Gegenüberliegende Seite, beginnend beim Bett:
Küchentechnik-/Vorrats-Schrank
Da wir mehrere Jahre unterwegs sein werden, wollten wir auf Annehmlichkeiten wie u.a. Kaffeemaschine und Küchenmaschine nicht verzichten. Diese sind im oberen Bereich untergebracht. Unten ist dann noch Platz für Vorräte o.ä. (Anmerkung: Eine Änderung hat sich schon ergeben. „Irgendwie“ muss die Technik ja auf beide Seiten und auch das Bett will erklommen sein. Daher kommt jetzt vor das Bett noch eine Trittstufe, die diesen Schrank kleiner werden lässt.
Küchenzeile
1,4m breit. Links ein normales Haushaltswaschbecken (schau dir mal die normalen Campingwaschbecken an, da kann man nicht wirklich drin abwaschen), darunter der Mülleimer. In der Mitte die Arbeitsfläche (oft zu klein!), darunter Backrohr (mit/ohne Mikrowelle, Entscheidung noch offen) (gibt es auch in 45x60cm). Rechts ein 2-Platten-Induktionsherd (Achtung hier auf Topf-Mindestgröße!) und darüber die Oberschränke.

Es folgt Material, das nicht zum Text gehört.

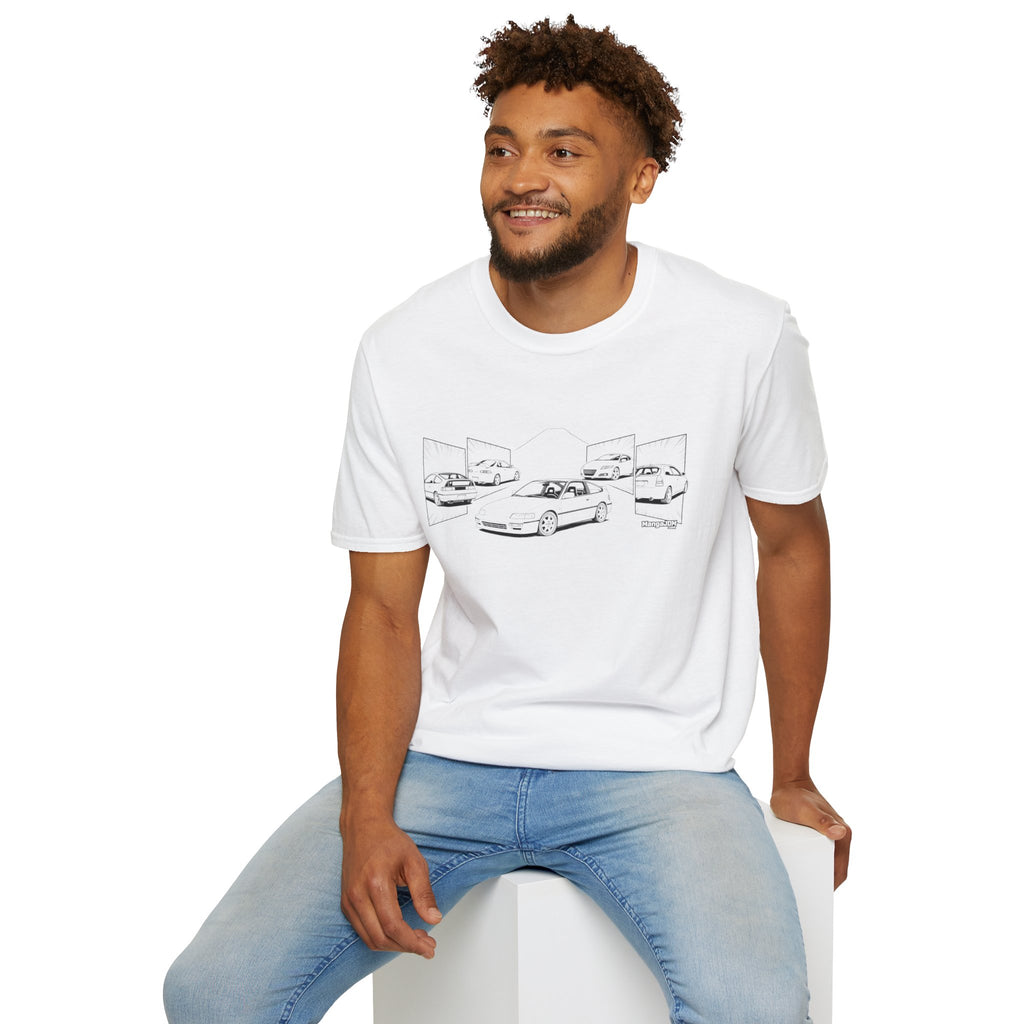 90's CRX, CRZ, Integra, and Si Hot Hatches T-Shirt
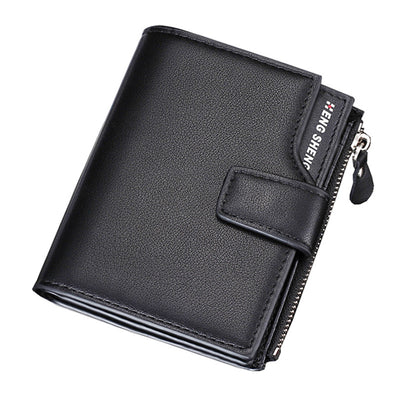 Cartera Vertical Hombre Estilo Coreano Casual - Image 14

Schaut euch einfach mal in eurer Küche zu Hause um. Diese liefert bestimmt Anhaltspunkte, was, wo, wie sein muss.
Kühlschrank
Im Anschluss an den Arbeitsbereich ein gewöhnlicher Haushaltskühlschrank. Achtet hier auf Kühlrippen hinten (nicht seitlich in die Fläche integriert), Geräusch, Leistungsbedarf (der läuft schließlich (fast) immer), zwei Kompressoren (wenn auch mit Gefrierschrank) und Low- bzw. NoFrost Gefrierabteil. Beim Einbau immer auch die Einbauanleitungen schon vor dem Kauf lesen (Kühlschränke brauchen eine Ventilation von vorne nach hinten und oben wieder raus. Schaut auch hier einfach, wie euer Kühlschrank daheim verbaut ist.
Kleider-/Schuhschrank
Beides muss auch irgendwo hin und kommt neben der Technik unter.
Technikschrank
Unterschätzt keinesfalls den Platz und die Stabilität, die Technik benötigt. Ein 5000W Wechselrichter von Victron wiegt 30kg und muss „irgendwie“ pistentauglich befestigt werden. Und Platz benötigt er auch. Dazu kommt noch der Boiler, die Dieselheizung, Sicherungen, Solarregler und und und… Und das ganze muss ja auch noch servicefreundlich untergebracht sein, sodass die Sachen im Fehlerfall wieder ausgebaut werden können.
Details
Im Detail gehe ich dann bei der Ausbau-Dokumentation auf die einzelnen Punkte ein. Aber ihr seht, es ist ganz schön viel zu berücksichtigen. Und ohne ein 3-D-Programm (in meinem Fall Sketchup) lässt sich das – wenn überhaupt – nur mit viel Probieren realisieren.
So. Und nun viel Spass beim Planen (und Realisieren) eures Traummobils!